Today the nvidia driver on my server stopped working out of nowhere. Yesterday it was working and today it’s not. I didn’t do anything in yesterday or today.

Today my Plex container stopped working because there was a problem with the nvidia card I was using for transcoding. It’s a GTX 1650.

I tried running nvidia-smi and it said Failed to initialize NVML: Driver/library version mismatch. After I tried upgrading my system because it was a months ago I upgraded, maybe it will help. It didn’t. I tried some rebooting because some sources said it solves the issue but it persisted.

It’s driver reinstall time. Purged the driver with apt purge nvidia* then installed driver with ubuntu-drivers install --gpgpu nvidia:525-server. After reboot nvidia-smi gives the error NVIDIA-SMI has failed because it couldn't communicate with the NVIDIA driver. Make sure that the latest NVIDIA driver is installed and running..

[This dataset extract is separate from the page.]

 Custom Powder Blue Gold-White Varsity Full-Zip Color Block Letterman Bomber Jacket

lsmod | grep nvidia shows nothing and /proc/driver/nvidia/version doesn’t exists. I tried starting nvidia-persistenced with systemctl but it gives this error:

Failed to query NVIDIA devices. Please ensure that the NVIDIA device files (/dev/nvidia*) exist, and that user 113 has read and write permissions for those files.

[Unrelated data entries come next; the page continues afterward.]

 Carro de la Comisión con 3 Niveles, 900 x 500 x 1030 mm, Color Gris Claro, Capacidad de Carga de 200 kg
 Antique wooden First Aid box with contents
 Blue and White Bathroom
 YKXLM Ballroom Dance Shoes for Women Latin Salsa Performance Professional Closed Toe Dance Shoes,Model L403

/dev/nvidia* doesn’t exist.

I’m very noobish when it comes to nvidia and linux it was a pain to set it up initially and I was hoping that it wouldn’t go wrong someday. But here I am unfortunatelly. I don’t really know what logs should I show you or what commands should I run to troubleshoot so every tip is appreciated and I will provide logs and things like that if needed.

System info:

  • Ubuntu Server 22.04
  • kernel: 5.15.0-76-generic
  • theoretically installed nvidia driver: nvidia-driver-525-server

Solution

I was using the ubuntu-drivers utility to install the driver but turns out it’s not that great. After installing with the manual method from https://help.ubuntu.com/community/NvidiaDriversInstallation using the command apt install linux-modules-nvidia-${DRIVER_BRANCH}${SERVER}-${LINUX_FLAVOUR} it’s working again.

  • @germanatlas
    link
    English
    11 year ago

    Had a similar issue, downloading the GPUs exact driver from nvidia, installing it and restarting worked.